Most of the power supply failure indicator circuits need a separate power-supply for them-selves. But the alarm circuit presented here needs no additional supply source. It employs an electrolytic capacitor to store adequate charge, to feed power to the alarm circuit which sounds an alarm for a reasonable duration when the mains supply fails. During the presence of mains power supply, the rectified mains voltage is stepped down to a required low level.

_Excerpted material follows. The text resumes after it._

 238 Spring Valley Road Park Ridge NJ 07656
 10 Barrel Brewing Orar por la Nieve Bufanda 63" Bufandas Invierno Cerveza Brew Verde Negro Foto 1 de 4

Power Supply Failure Alarm Circuit Diagram:
A zener is used to limit the filtered voltage to 15-volt level. Mains presence is indicated by an LED. The low-level DC is used for charging capacitor C3 and reverse biasing switching transistor T1. Thus, transistor T1 remains cut-off as long as the mains supply is present. As soon as the mains power fails, the charge stored in the capacitor acts as a power-supply source for transistor T1. Since, in the absence of mains supply, the base of transistor is pulled ‘low’ via resistor R8, it conducts and sounds the buzzer (alarm) to give a warning of the power-failure.
With the value of C3 as shown, a good-quality buzzer would sound for about a minute. By increasing or decreasing the value of capacitor C3, this time can be altered to serve one’s need. Assembly is quite easy. The values of the components are not critical. If the alarm circuit is powered from any external DC power-supply source, the mains supply section up to points ‘P’ and ‘M’can be omitted from the circuit.
Following points may be noted:
1. At a higher DC voltage level, transistor T1 (BC558) may pass some collector-to-emitter leakage current, causing a continuous murmuring sound from the buzzer. In that case, replace it with some low-gain transistor.
2. Piezo buzzer must be a continuous tone version, with built-in oscillator. To save space, one may use five small-sized 1000µF capacitors (in parallel) in place of bulky high-value capacitor C3.